Blocks A (mass 3.00 kg ) and B (mass 9.00 kg ) move on a frictionless, horizontal surface. Initially, block B is at rest and block A is moving toward it at 5.00 m/s . The blocks are equipped with ideal spring bumpers. The collision is head-on, so all motion before and after the collision is along a straight line. Let +x be the direction of the initial motion of block A. Find the velocity of block B when the energy stored in the spring bumpers is maximum.
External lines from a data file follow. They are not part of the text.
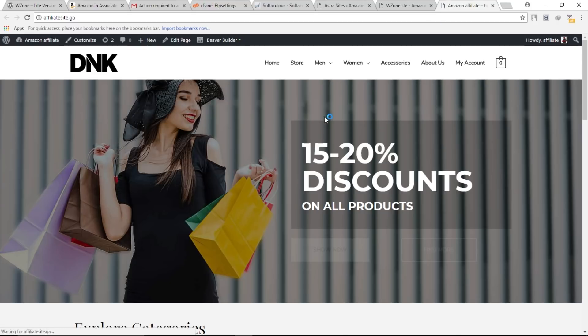Alright guys, I think we've done everything here — we successfully created our Amazon affiliate website. That's the end of this video. I hope you enjoyed it. If you did, please hit the like button and don't forget to subscribe to my channel. Goodbye and see you next time.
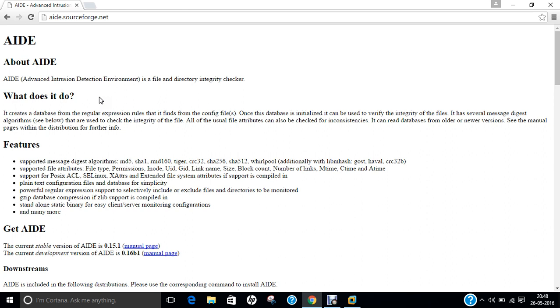When the administrator wants to run an integrity test, the administrator places the previously built database in an accessible place and commands AIDE to compare the database against the real status of the system. Should a change have happened to the computer between the snapshot created and the test, AIDE will detect it and report it to the administrator.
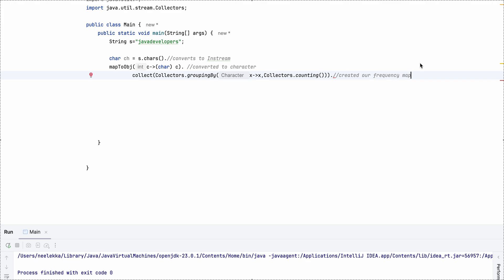So up until this stage, we have our frequency map with us. Now next, what we need is, since it is a map, a map will have a key value pair up until this point. So we need to convert that into EntrySet.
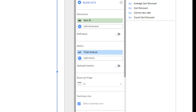In order to fix this issue, you have to use the metrics and dimensions of the right scope. So in this example, rather than using total revenue, you will use an item scoped revenue metric.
An head on collision is aka elastic collision and in elastic collision momentum and energy is conserved that is the total momentum before collision = total momentum after collision

Given

Mass of block A mA = 3kg, initial Velocity of block A vA1 = 5m/s, Final velocity = vA2

Mass of block B mB = 9kg, Initial velocity of block B vB1 = 0m/s, Final velocity = vB2

Therefore we have the equation

1)mAvA1 + mBvB1 = mAvA2 + mBvB2

Also in elastic collision between 2 objects, the relative velocities before and after the collision have the same magnitude but opposite direction

vA1 - vB1 = vB2 - vA2

vA2 = vB2 - vA1 when vB1 = 0

Substitute into the equation we have

(3*5)+(9*0) = 3*(vB2-vA1) + (9*vB2)

15 = 3vB2 - 3vA1 +9vB2

15=3vB2 - (3*5) + 9vB2

15+15 = 12vB2

vB2 = 2.5m/s